## [Stored data]
--*--

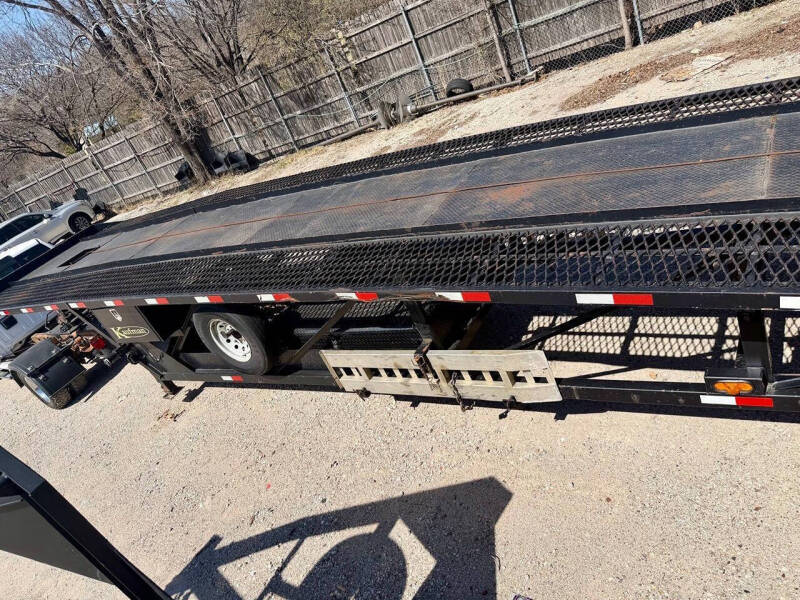 2017 Kaufman 48" TILT CAR TRAILER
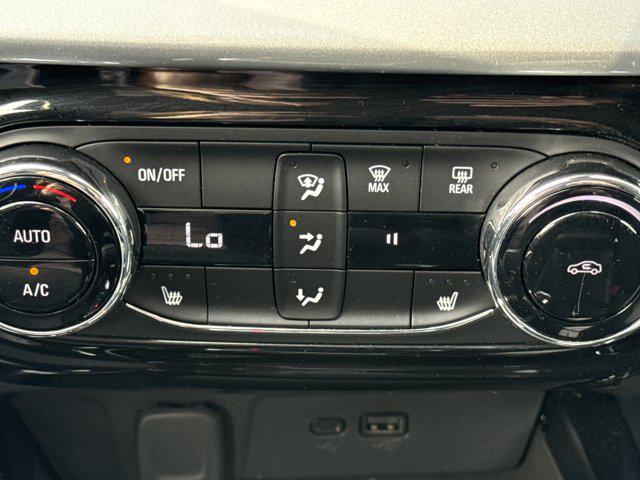 2025 Chevrolet Trax FWD LT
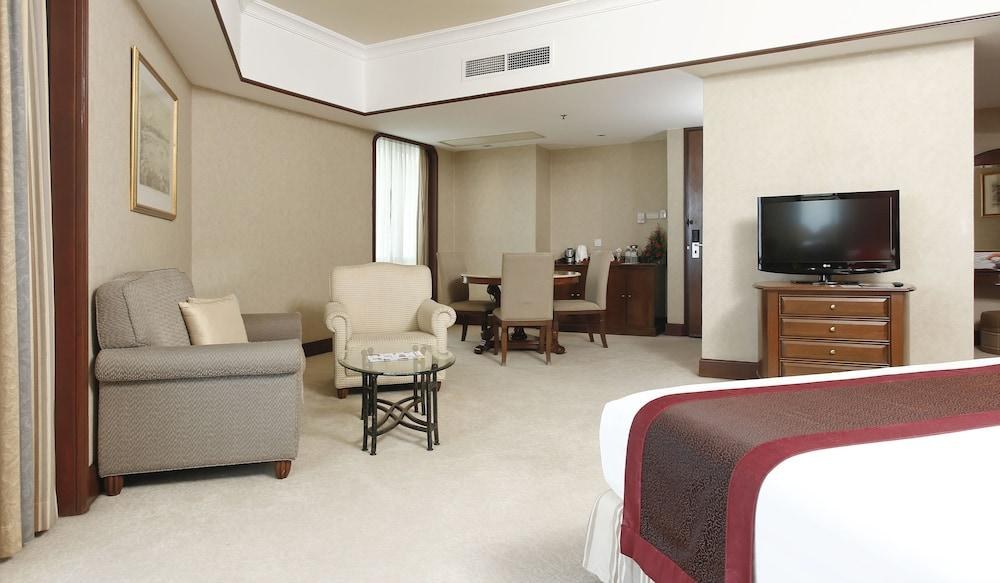 PACIFIC SUTERA photo 3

--*--

## [Exercise]
Except for the pictures, the whole listing above should be transcribed exactly.

## [Written reply]
 2017 Kaufman 48" TILT CAR TRAILER
 2025 Chevrolet Trax FWD LT
 PACIFIC SUTERA photo 3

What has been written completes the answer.